# Just a simple mold . G job .



## mmcmdl (Sep 27, 2021)

Since I now have 87 cans of mold release , I need a mold !  Not having a need for one I had to think up something that I use often . Only thing I came up with is felling wedges for the tree work lately . I whipped out a fast cheapy split cavity mold in a hour but didn't have to purge any of the extruders tonight , so no wedges made tonight . I'll post a quick pic when I get home in the morning .


----------



## mmcmdl (Sep 27, 2021)

Like I said , simple and effective . I extrude 100s of pounds of plastic per night to the scrap bin so it's free .


----------



## MrWhoopee (Sep 27, 2021)

Damn, I just bought a 6-pack of 'em!

What, no teeth?


----------



## mmcmdl (Sep 28, 2021)

MrWhoopee said:


> Damn, I just bought a 6-pack of 'em!
> 
> What, no teeth?


Lol, where's the teeth ? I just made 3 of these wedges , not the prettiest in the forest but hey , they'll do the job !


----------



## mmcmdl (Sep 28, 2021)

I'll give them a try , who knows . They might just work , and if not , they'll light up the fire when they flash !


----------



## MrWhoopee (Sep 28, 2021)

Teeth on the flat faces to keep the wedge from being pushed back out. Yours have a steeper angle than most, which may compound this tendency.



What material are they made from?


----------



## SLK001 (Sep 28, 2021)

I just use a cast iron splitting wedge when I need to keep a cut open.  I've used them for decades and haven't hit any of them with my chainsaw yet.  When I first saw plastic wedges, I wondered, "now how is this going to split any log?"


----------



## MrWhoopee (Sep 28, 2021)

SLK001 said:


> I just use a cast iron splitting wedge when I need to keep a cut open.  I've used them for decades and haven't hit any of them with my chainsaw yet.  When I first saw plastic wedges, I wondered, "now how is this going to split any log?"

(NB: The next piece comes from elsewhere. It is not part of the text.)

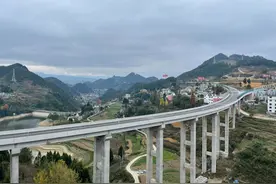 仁遵高速即将通车，他们赶在通车前上了高速图片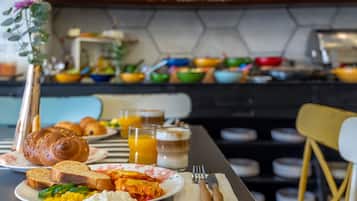 Sarapan prasmanan setiap hari (ILS 85 per orang)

A metal splitting wedge is fine when bucking to keep the kerf open and prevent pinching the bar, except for its tendency to fall and hit the chain when the log drops. When felling I set a wedge as soon as the kerf is deep enough to allow it, particularly on smaller diameter trees. My felling wedges are consumables and they show it.


----------